Suite à une intox plutôt politicienne, selon une source BCC, la population de Goma a, au lendemain du 19 décembre 2016, résolu de ne plus consommer le billet de 500 FC. Comme par effet de domino, les principales agglomérations de l’Est sont tentées, elles aussi, par le rejet de facto de ce billet de banque qui a pourtant cours légal, a rappelé avec force le directeur provincial de la BCC/Nord et Sud-Kivu, Patrice Mulongo. Les responsables des institutions bancaires et de microfinance ont même eu un entretien avec le vice-gouverneur, Feller Lutayichirwa, sur le sujet. Il a redit et confirmé la position de la Banque centrale du Congo, tout en rappelant que toutes les coupures émises par la BCC ont cours légal sur toute l’étendue du territoire national. « Il n’y a qu’une seule autorité qui puisse démonétiser une monnaie, c’est la Banque centrale, sauf avis contraire », a-t-il déclaré. Pour rappel, quelque 20 000 billets de 500 FC de couleur verdâtre, commémoratif du cinquantenaire de l’indépendance de la RDC, avaient été imprimés et mis en circulation le 30 juin 2010. L’Institut d’émission n’en aurait plus imprimé ? Pas si sûr. Sinon que ces billets décatis sont devenus rares dans la capitale.

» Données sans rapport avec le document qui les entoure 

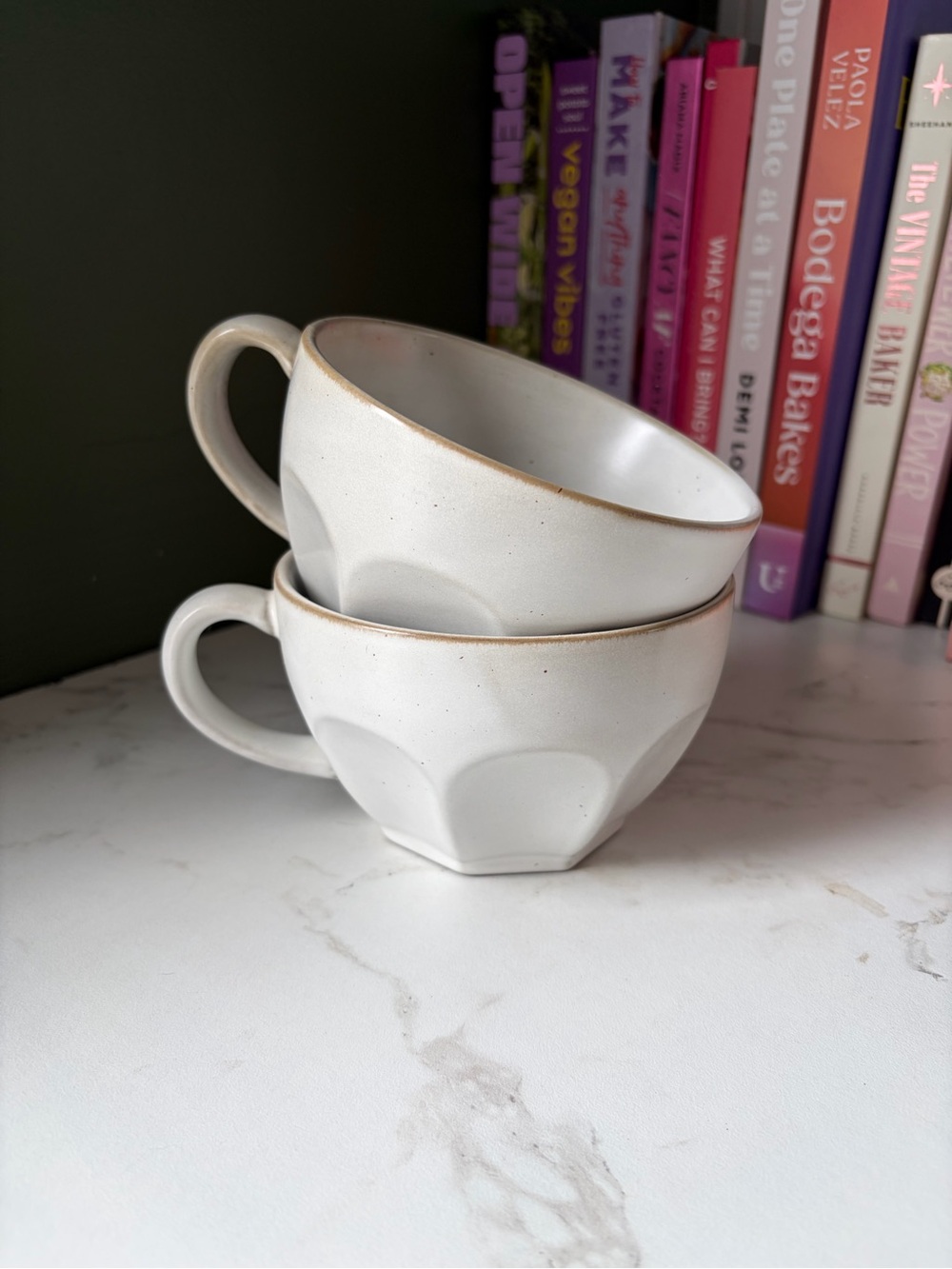 Hearth & Hand White Scalloped Ceramic Mug with Soft Cream Rim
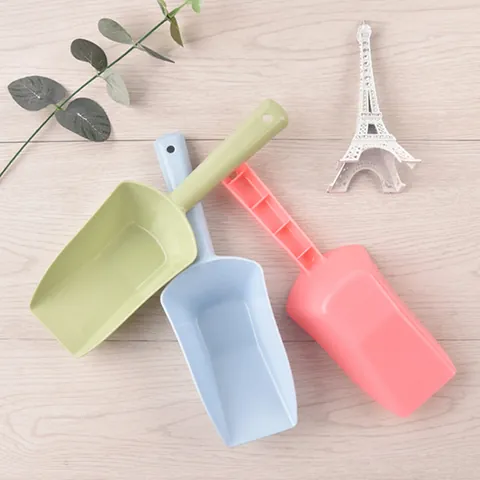 Large Pet Food Shovel Plastic Dog Cat Food Scoop Multi-purpose Feeding Tool with Hanging Hole for Kitten Puppy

Dans l’opinion, c’est plutôt l’effet boomerang et même une extension de la mesure de démonétisation qui s’est produit.

Crise de confiance 

Aux dernières nouvelles, même les billets de 50 et 100 FC ne sont plus acceptés dans le train-train quotidien dans la région. Si à Kinshasa, le billet de 1 dollar n’est plus accepté dans les transactions plutôt domestiques, à Goma et dans les villes périphériques, outre le billet de 1 dollar, même celui cde 5 dollars peine à se faire accepter, quand bien même que la Réserve fédérale américaine n’a jamais démonétisé ni l’un ou l’autre billet.

Selon le directeur de la BCC chargé des opérations, seulement 14 % de la masse monétaire circulent dans le circuit bancaire et plus de 4 mille milliards de francs échappent à tout contrôle. Depuis la mise sous gestion de la Banque centrale de la Mutuelle d’épargne et de crédit du Congo (MECRECO), une crise de confiance s’est installée entre les banques et l’opinion publique dans l’Est du pays. Pourtant, Jean-Louis Kayembe avait vite fait comprendre que la mise sous tutelle décidée par la BCC, en sa qualité de régulateur du secteur bancaire et des Coopératives d’épargne et de crédit (COOPEC), n’a  été prise que pour assurer une bonne solidité de cette mutuelle. Que le déséquilibre de la MECRECO est essentiellement lié aux problèmes de gestion, dans la mesure où une quantité importante de devises a été octroyée en termes de crédits et dans des investissements des opérations qui ne rapportent pas beaucoup. Que cette situation a créé le cumul des pertes qui  affectent négativement les fonds propres de la banque. Que l’objectif poursuivi par la BCC est de stabiliser la situation et d’assurer la continuité des activités de la MECRECO.

Le directeur général de la BCC a, par ailleurs, invité  la population de l’Est à faire confiance au système bancaire et financier du pays. D’après lui, la plupart des institutions financières en RDC sont viables en dépit de quelques cas de faillite enregistrés ça et là ces derniers temps. La RDC compte à ce jour 19 banques agréées.